2. Social and Institutional Support are Lacking
The majority of women entrepreneurs don’t receive the social support they need to launch their businesses from their families, peers, and local communities. Another significant obstacle for women company owners in the nation is a lack of mentorship from the business community. Their confidence and capacity to take chances suffer when they lack a strong support system.
3. Poor Prospects for Funding
Though it may seem unjust, there are significant gender biases in India’s finance scene. Because of investor preconceptions and other obstacles, women-owned enterprises in the nation lack access to funding. Banks and other financial institutions view women as less credit-worthy, and many VC companies and angel investors are unwilling to fund women-led businesses.
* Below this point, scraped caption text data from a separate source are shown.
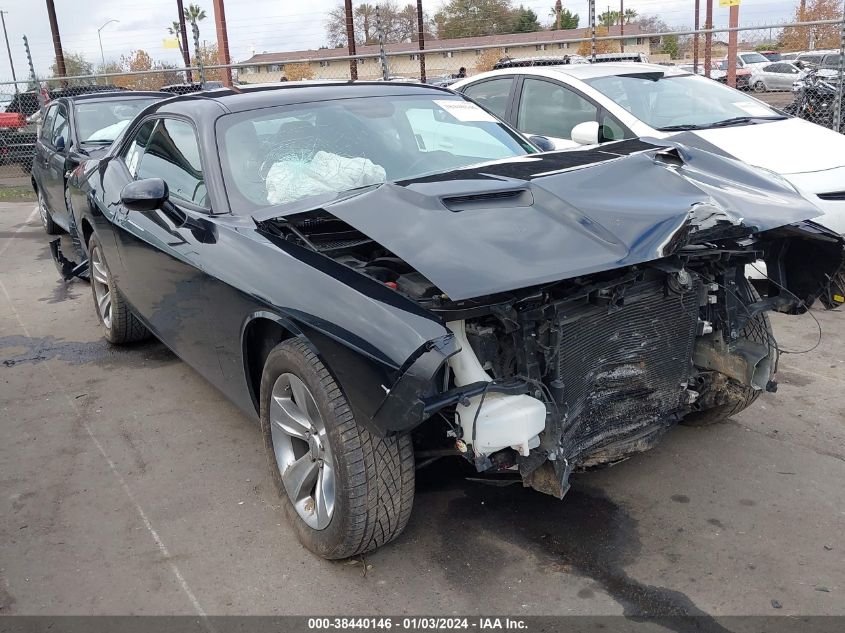 2016 DODGE CHALLENGER SXT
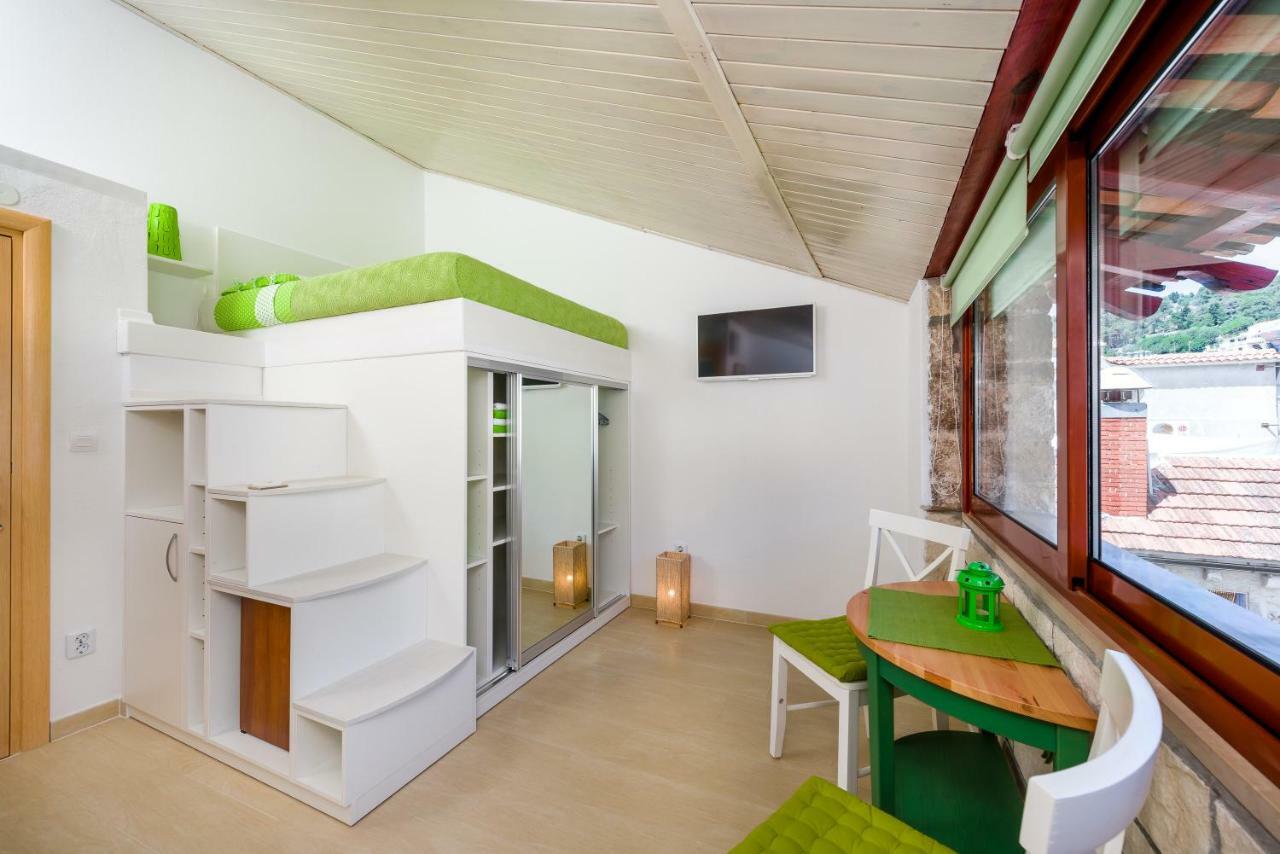 Gostinjska kuća Hektorovic House 3*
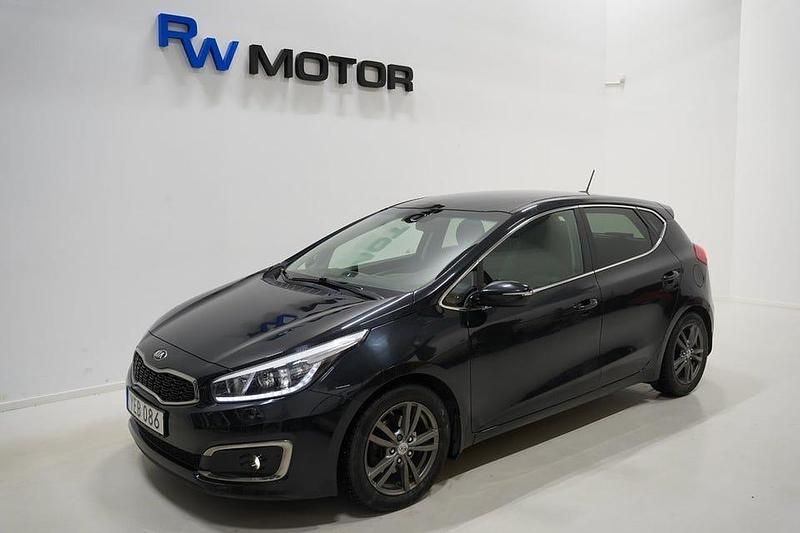 Begagnad Kia Ceed 136 HK (100 kW) 2016 Svart Halvkombi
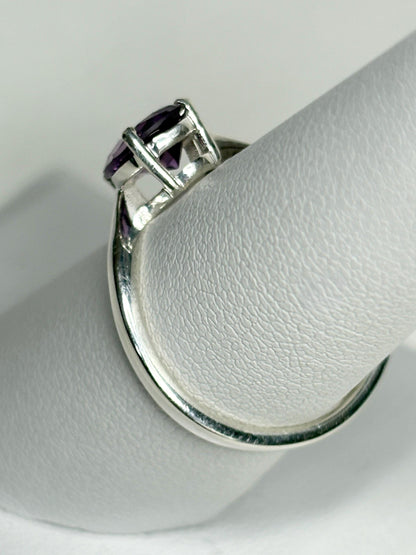 Lab Grown Color Change Pear Sapphire Ring in Sterling Silver size 7 - NewLifeJewelryVault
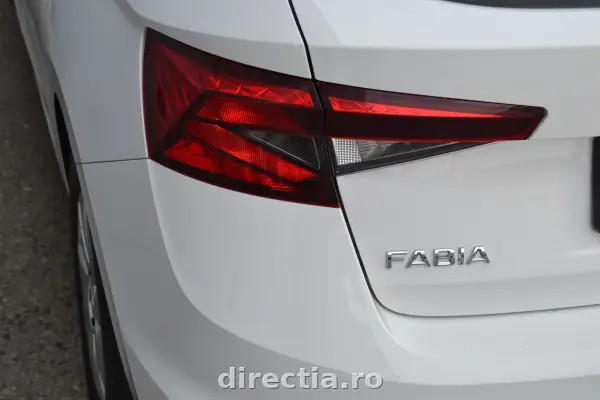 Poza anunț 32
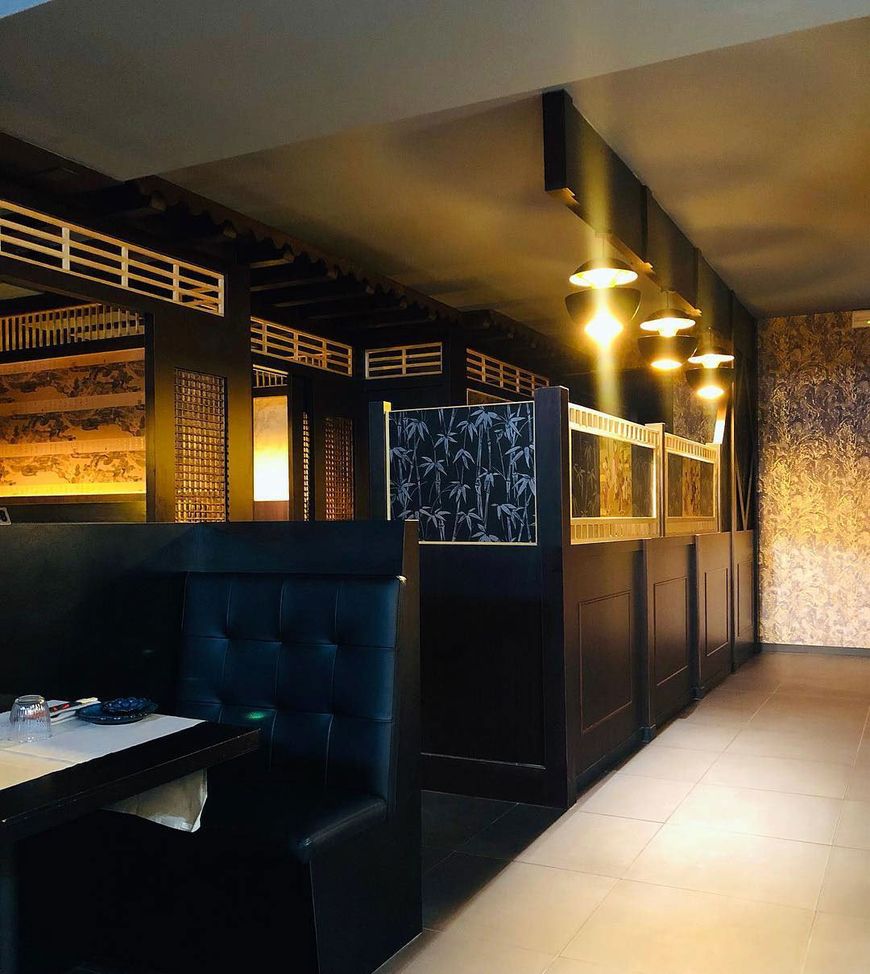 ristorante con tavoli separati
4. Unavailability of Professional Networks
One more of the fundamental issues facing Indian women business owners is limited access to professional networks. The Google-Bain study found that female business owners are less connected to formal and informal networks. The majority of professional networks in existence, according to studies, are dominated by men, making it challenging for women to enter or move about in such settings. Consequently, they pass up chances to expand their firm.
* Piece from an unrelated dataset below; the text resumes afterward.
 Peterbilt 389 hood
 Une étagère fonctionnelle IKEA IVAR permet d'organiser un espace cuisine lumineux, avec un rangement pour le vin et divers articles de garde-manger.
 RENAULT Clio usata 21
5. Constraints to Maintain Traditional Gender Roles
Women are supposed to care for children, perform household duties, cook, and other such tasks. It’s difficult enough to balance personal and professional obligations, but it becomes even more difficult when you want to establish your brand. One of the biggest obstacles facing female entrepreneurs is the temptation to conform to established gender stereotypes.
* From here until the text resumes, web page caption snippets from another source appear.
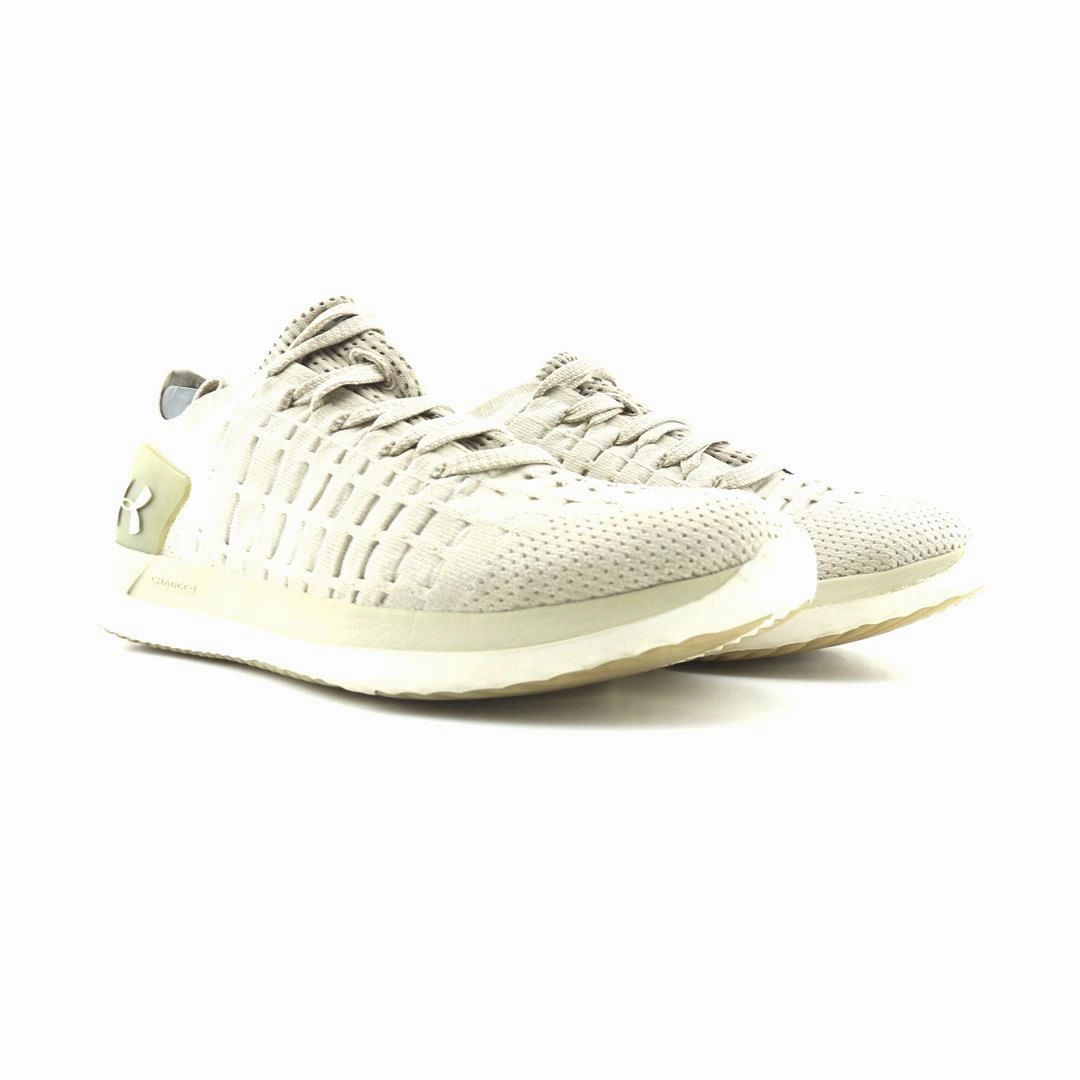 UNDER ARMOUR SLINGRIDE 2 Under Armour trainer close-ups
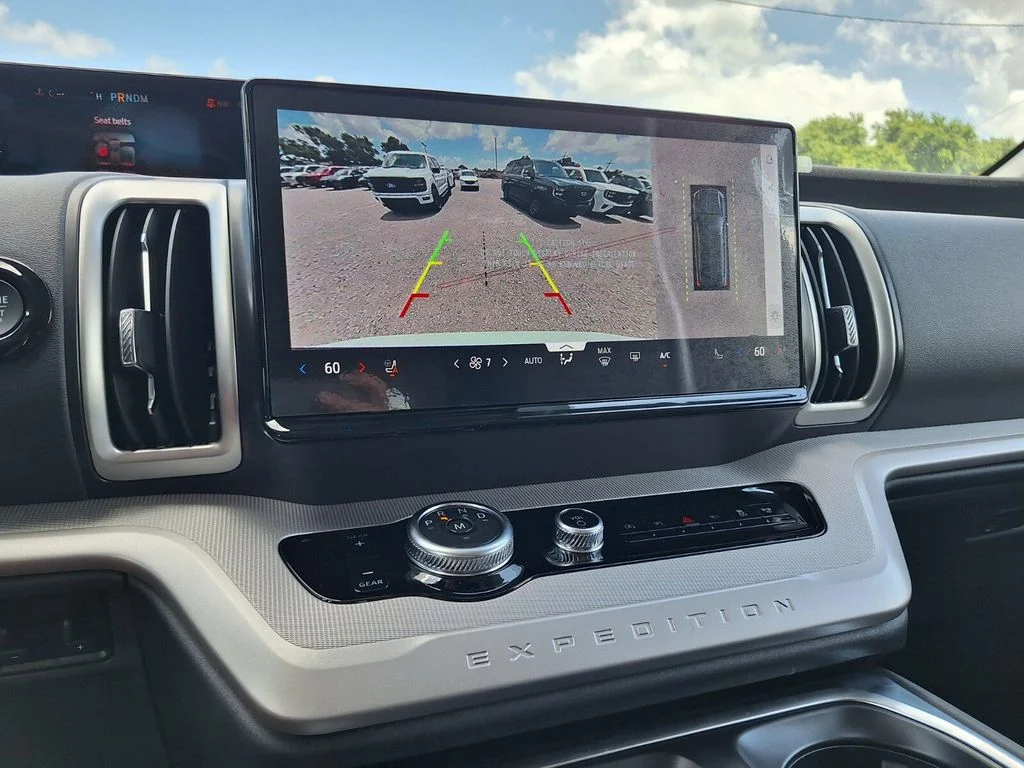New 2026 Oxford White Ford Active image 19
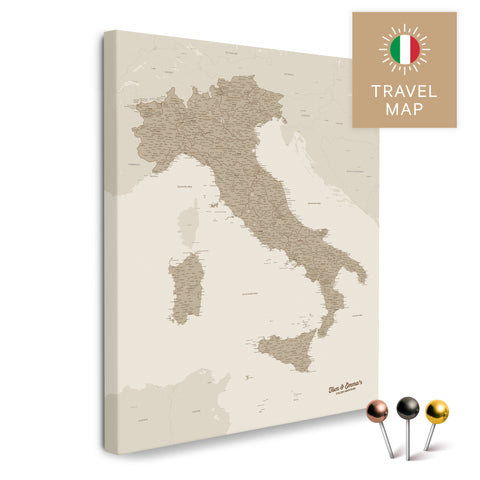 Italien-Landkarte in der Farbe Beige in einem modernen, minimalistischem Design als Leinwand zum Pinnen von Reisen und Orten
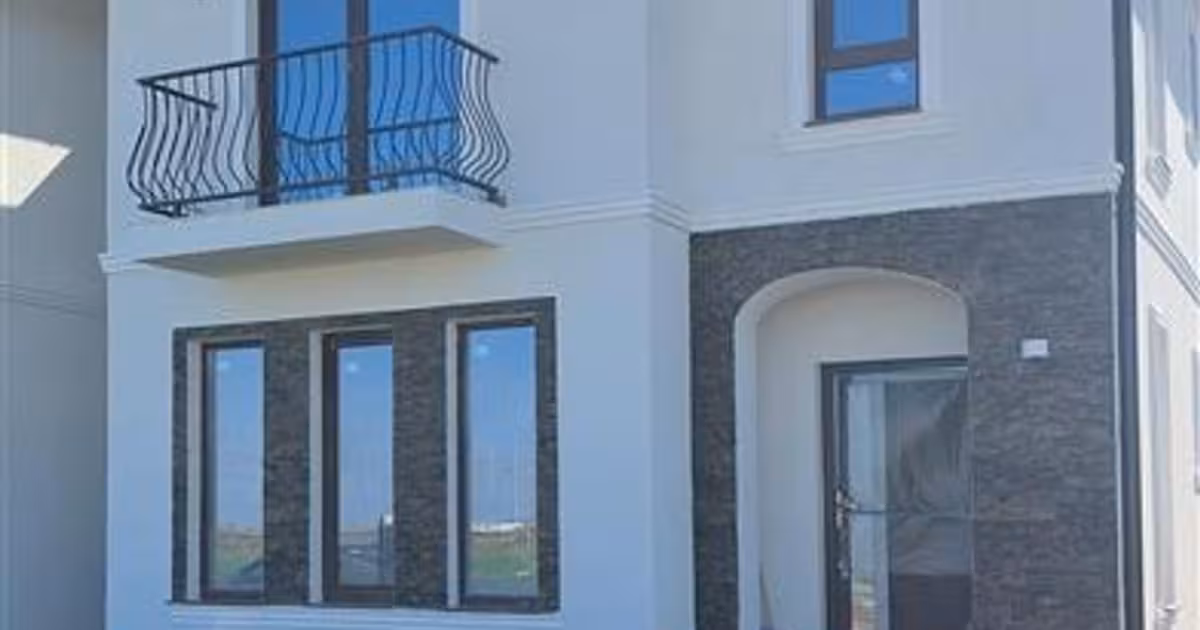 Duplex de vânzare cu 4 camere în Vladimirescu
6. Lack of a Supportive Environment for Entrepreneurs
A person needs to grow up in an entrepreneurially-spirited atmosphere if they want to own a successful firm. However, the absence of such a productive setting frequently affects a lot of ladies. Due to obligations to their families, many women must run their enterprises from home. As a result, they miss out on chances to network, engage with the corporate world, and increase their market access. Additionally, it limits their access to resources, mentors, and other possibilities for learning.
7. Insufficient Mobility
One of the main issues facing Indian women business owners is restricted mobility. They cannot travel by themselves or stay in hotels for business without being concerned about safety. As an added bonus, many hotels in India still won’t let women check-in unless they’re accompanied by a man! In India, there are still fewer women than males who own motorized vehicles. The mobility of female company owners is constrained by all of these issues together.
8. Tough Competition
Businesses today face intense competition because of the current market and economic conditions. To earn the trust of their co-workers and investors, they must continually demonstrate their worth. For their company to survive, they must also manage a sizable output while utilising scarce resources.
9. Social Construct
The country’s long-standing patriarchal heritage has resulted in gender roles that are rigidly constructed. The women are only allowed to play a supporting role. Even though this viewpoint is shifting, it frequently leads to arguments and rifts in the social lives of aspiring women business owners. Negative preconceptions that women are unsuited for leadership positions still exist and need to be dispelled.
10. Safety Concerns
Crime against women has increased as a result of the law-and-order situation. For female entrepreneurs who need mobility to conduct their company activities, the unfriendly and dangerous climate presents significant hurdles. This makes it difficult for women to travel to many places on their own and makes having a man’s companionship necessary, at least occasionally for their safety alone.